**Collected material:**
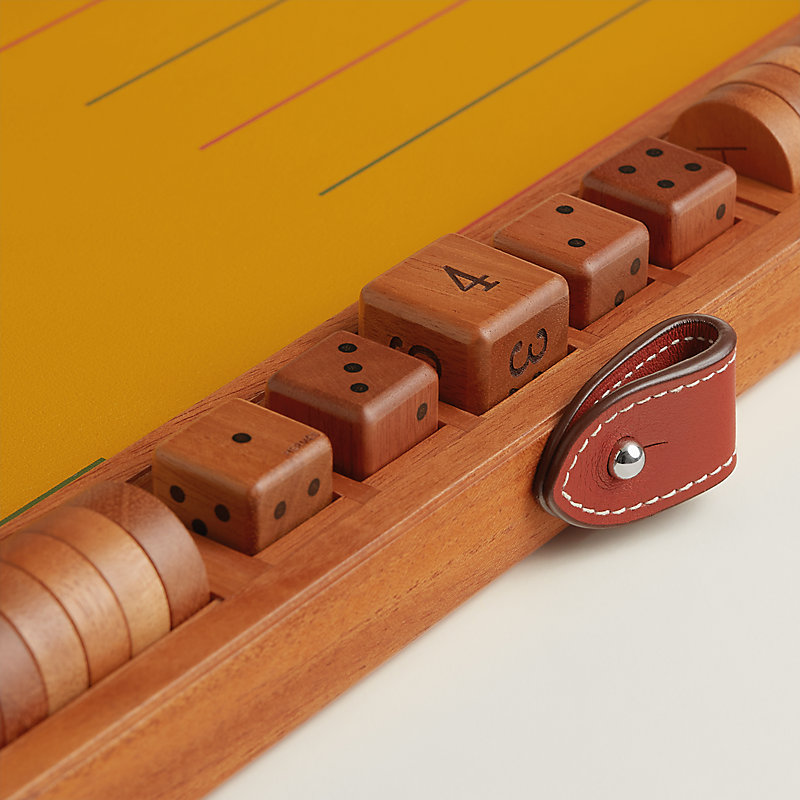 Magellan foldable backgammon game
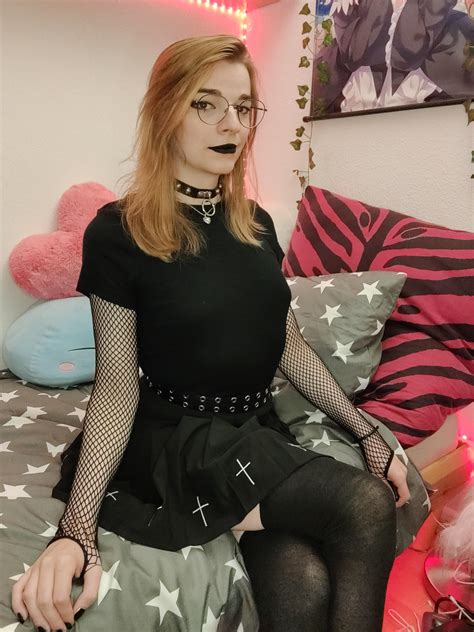 carlatrapcd OnlyFans Leaks 2025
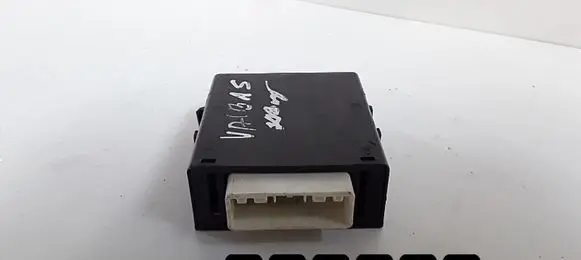 Toyota Corolla E120 E130 Engine control unit/module 02050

**Task brief:** Print the material precisely as given, dropping any images it holds.

**Solution:**
 Magellan foldable backgammon game
 carlatrapcd OnlyFans Leaks 2025
 Toyota Corolla E120 E130 Engine control unit/module 02050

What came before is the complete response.